With this most welcome release from Bis all six of
Nystroem’s symphonies are at last available on CD.
Gösta Nystroem’s six symphonies are:-
Sinfonia breve (No. 1) (1931)
Sinfonia espressiva (No. 2) (1935)
Sinfonia del Mare (No. 3) (1948)
Sinfonia Shakespeariana (No. 4) (1951/52)
Sinfonia seria (No. 5) (1963)
Sinfonia tramontana (No. 6) (1965)
Four of them (2, 4-6) are on Bis. The others can be
had on Caprice (1) and Swedish Society Discofil and Phono Suecia (3).
The most recorded of the symphonies is No. 3 although the count for
that work runs to only three versions (Mann, Westerberg, Svetlanov).
With the exception of the Sinfonia del Mare all the Nystroem
symphonies are rarities and we are not exactly spoilt for a range of
versions of Del Mare either. Incidentally the Sinfonia del
Mare always struck me as a natural for Naxos perhaps coupled with
Alfvén’s Fourth Symphony if the timings work out.
Bis’s customary cultural rigour is fully evident in
the present disc. It was audacious to record two previously unrecorded
symphonies back to back. There is a hackneyed piece of commercial wisdom
that tells record companies that if you are going to record a rare piece
make sure you couple it with a less exotic work. Bis confidently kick
that trend. OK the playing time is on the short side but at least the
company did not take the easy way out by recording just one of these
symphonies and coupling it with a slightly less obscure piece of Nystroem
- perhaps Del Mare.
The two previous Bis discs (listed below) were made
by the Malmö Symphony Orchestra with conductor Paavo Järvi.
After seeming to be the lynch-pin of the Bis-Nystroem Järvi now
departs and is replaced by B Tommy Andersson who makes his debut with
Bis having previously made recordings for Bo Hyttner’s Sterling label.
It is extremely difficult to convey in words the sound
of Nystroem’s music. The best I can do is to compare it with the tense
romanticism of Hindemith’s Harmonie der Welt mixed with a little
Bartók (Concerto for Orchestra) softened with Ravel’s
tenderness.
Nystroem was a late starter in the composition stakes
having also been more than adept in writing and art. His interest in
literature included Shakespeare. He wrote incidental music to The
Tempest (the Prelude is included on the same Phono Suecia CD as
the Svetlanov del Mare) and The Merchant of Venice. The
notes tell us that each movement of the Sinfonia shakespeariana
was originally prefaced by Shakespeare quotations - some from
the sonnets others from The Tempest. Again this work has not
gained any form of hold on the active concert-hall repertoire. There
have however been Swedish radio broadcasts by Stig Westerberg from a
tape of which I know the work. It was premiered by Sixten Eckerburg
conducting the Gothenburg Orchestral Association.

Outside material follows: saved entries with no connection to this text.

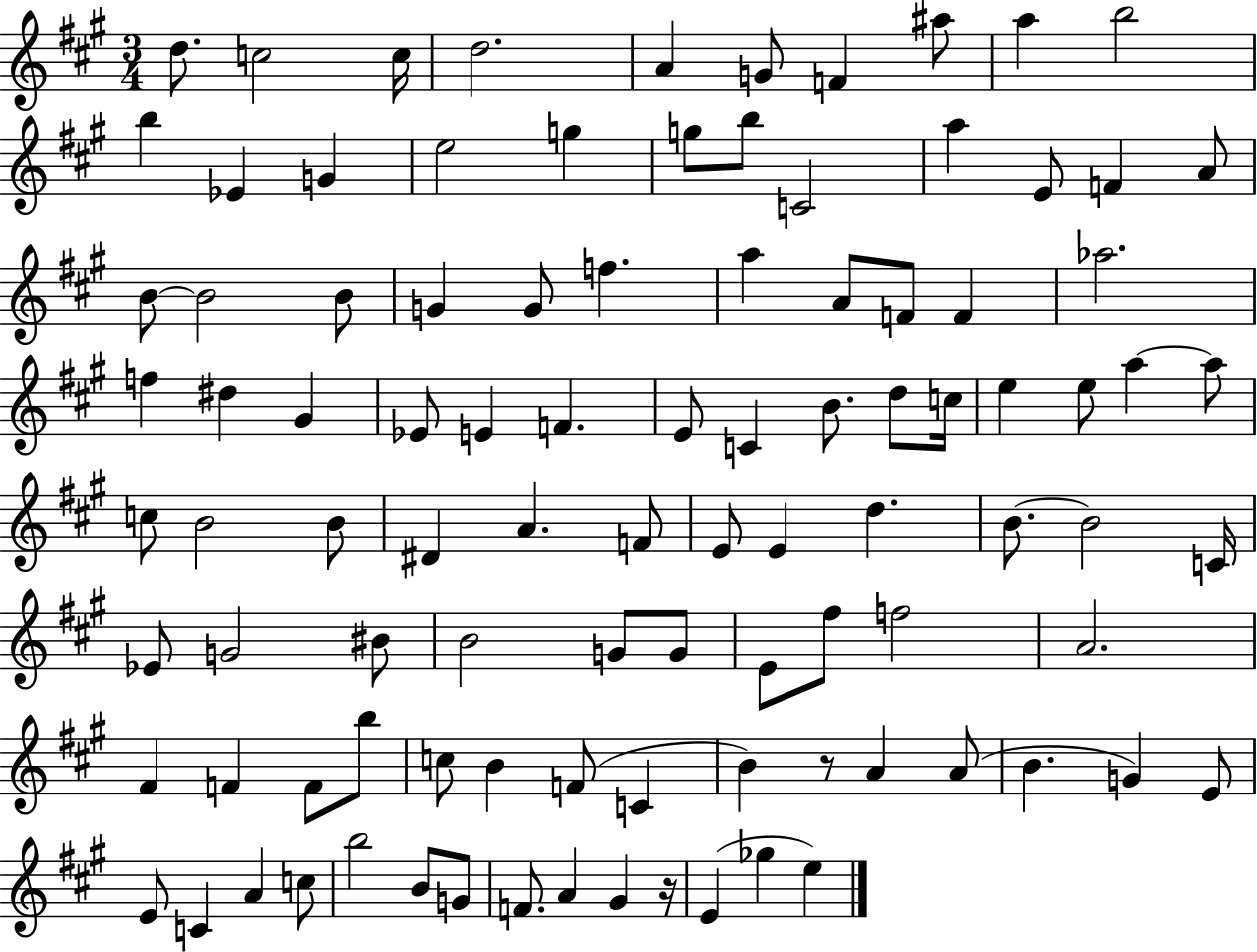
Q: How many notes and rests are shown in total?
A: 99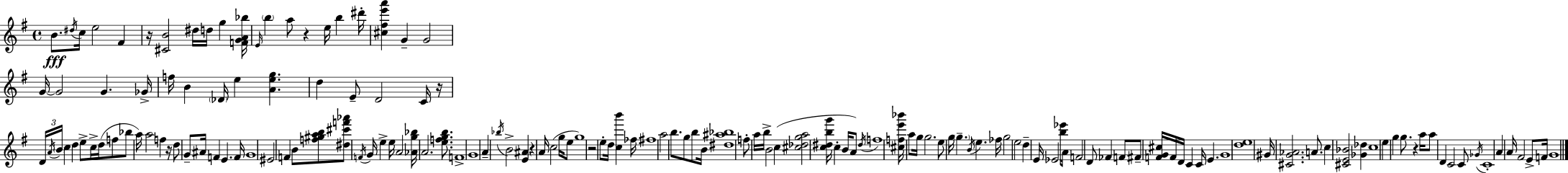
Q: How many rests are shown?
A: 7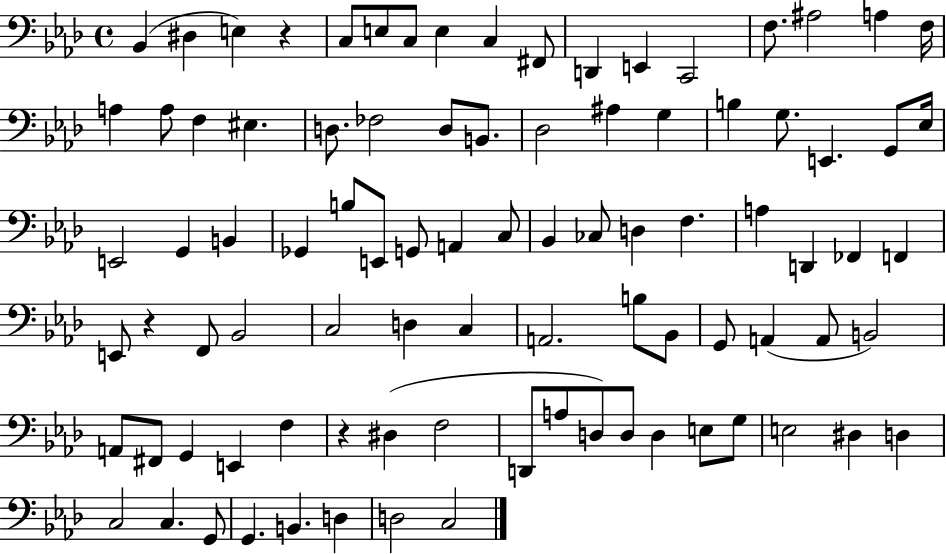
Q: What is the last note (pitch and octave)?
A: C3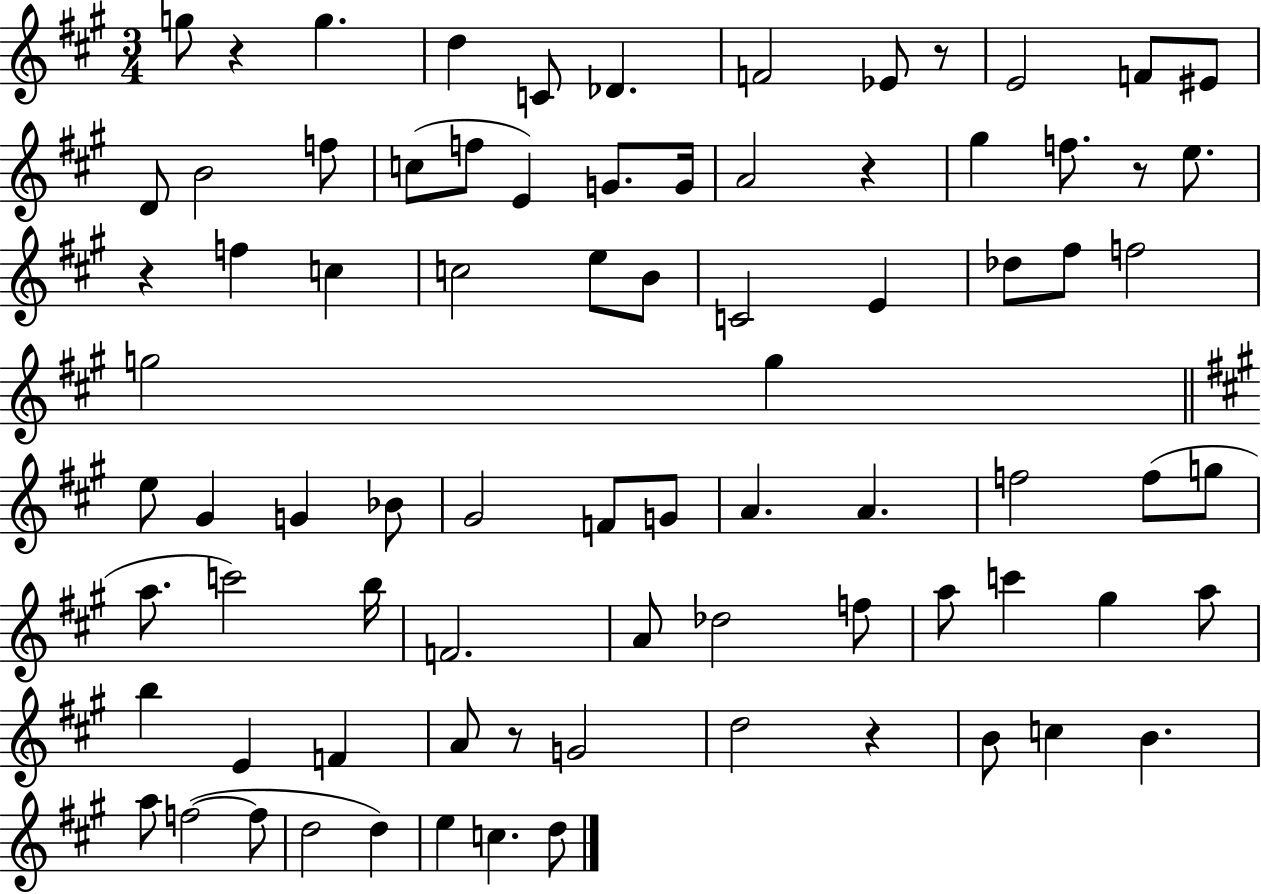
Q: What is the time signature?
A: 3/4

It receives a warm and sumptuously detailed recording
that flatters the composer’s interplay of transiently gusting furies,
Scandinavian half-lights and mercurial fantasy. The work constantly
cross-refers to the sound-world of Del Mare; a work that
preceded it by five years. Nystroem has nevertheless moved on as the
creative dissonances in the Allegro finale indicate. One can
imagine how the composer, who was also suffering from persistent meningitis
at the time, must have struggled to write the successor to what rapidly
became his most celebrated symphony.
| Symphony 4 1st movement - allegro (from
2'40) sample
|
| Symphony 4 1st movement - lento (from
6'10) sample
|
The second movement reflects the love of Miranda and
Ferdinand. The other movements flow with variety from the grimness of
Caliban, the wildness of the storm, the cauldron of plots and ambition
and the nobility of Prospero although in fact the quotations are from
Sonnets 60 and 33. Although the composer toyed with the idea of withdrawing
and destroying the work it operates well as an expression of typically
moody symphonism. If you were wondering there is nothing shallow, charming
or suite-like about this music and here it really is most beautifully
recorded.
| Symphony 4 2nd movement - Allegro Scherzando sample
|
| Symphony 4 3rd movement - opening sample
|
Blessed also with literary and artistic gifts Nystroem
first turned strongly to music in his mid-thirties. Even so he continued
painting especially during his tours of the French Mediterranean coastline.
We are assured that it was these dazzling views that inspired Sinfonia
tramontana taking its title from the wind that sweeps over the
Provençal countryside 'from beyond the mountains' (i.e. Tramontana).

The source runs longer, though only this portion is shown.